Personal information
- Born: January 9, 1958 (age 68) Norfolk, Virginia, U.S.
- Listed height: 5 ft 11 in (1.80 m)
- Listed weight: 181 lb (82 kg)

Career information
- High school: Lake Taylor (Norfolk)
- College: North Carolina
- NFL draft: 1981 (4th round, 103rd overall pick)

Career history
- San Diego Chargers (1981)*; San Francisco 49ers (1981–1982); Pittsburgh Maulers (1984);
- * Offseason or practice squad member only

Awards and highlights
- Super Bowl champion (XVI); ACC Rookie of the Year (1977); 2× First-team All-ACC (1977, 1980); North Carolina Tar Heels Jersey No. 20 honored;

Career NFL statistics
- Rushing yards: 55
- Rushing average: 3.1
- Rushing touchdowns: 2
- Stats at Pro Football Reference

= Amos Lawrence (American football) =

American football player (born 1958)

Amos Lawrence Jr. (born January 9, 1958) is an American former professional football player who was a running back for the San Francisco 49ers of the National Football League (NFL). He played college football for the North Carolina Tar Heels and was selected in the fourth round of the 1981 NFL draft.

== Early life ==
Lawrence was raised in the Diggs Park housing project in Norfolk, Virginia.

== Career ==
Lawrence was selected by the San Diego Chargers out of the University of North Carolina at Chapel Hill in the fourth round of the 1981 NFL draft. On September 10, 1981, Lawrence was traded to the San Francisco 49ers for a fourth round pick in the 1984 NFL draft.

Lawrence played sparingly for the 49ers, primarily as a kick returner. When the 49ers played in Super Bowl XVI against the Cincinnati Bengals, Lawrence fumbled the opening kickoff.

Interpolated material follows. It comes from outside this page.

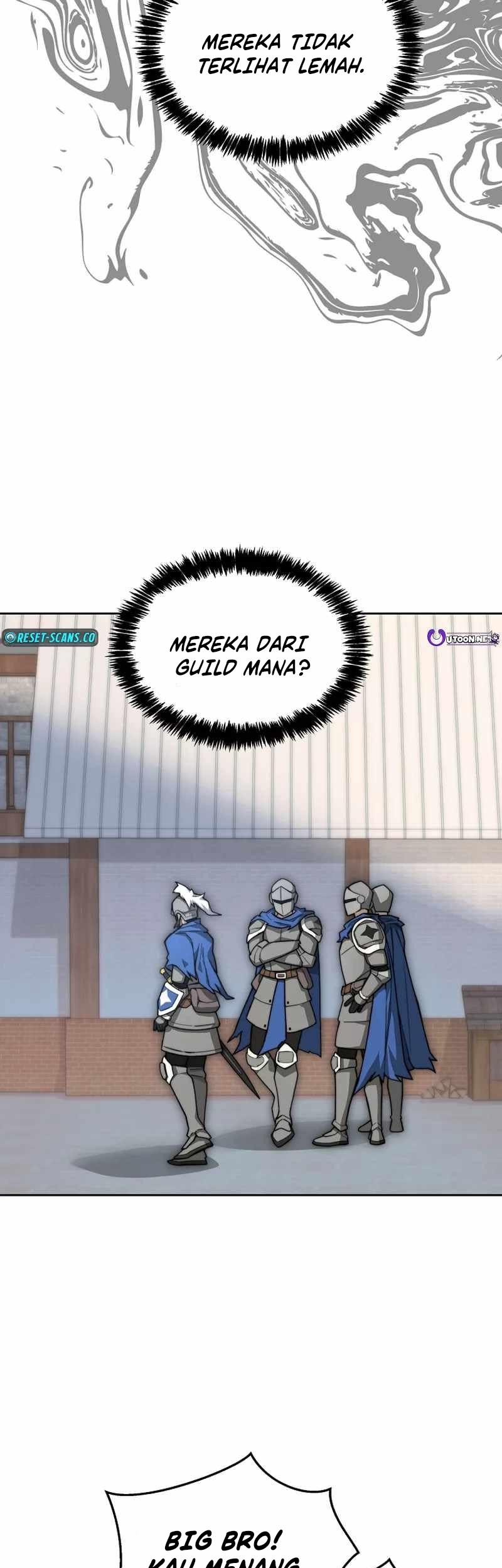 Stuck in the Tower Chapter 105 Gambar 18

While the 49ers eventually won the game, the 49ers benched him and eventually cut him during training camp before the 1983 season. Lawrence joined the Pittsburgh Maulers of the USFL in 1984 but was cut from the team after Mike Rozier was signed. He later briefly played for the USFL's Jacksonville Bulls.

After his professional career ended, Lawrence returned to Norfolk, where he worked busing tables and sorting newspapers, among other odd jobs. His high school football coach, Bert Harrell, got him a job as an attendance officer and junior varsity assistant coach at Lake Taylor High School.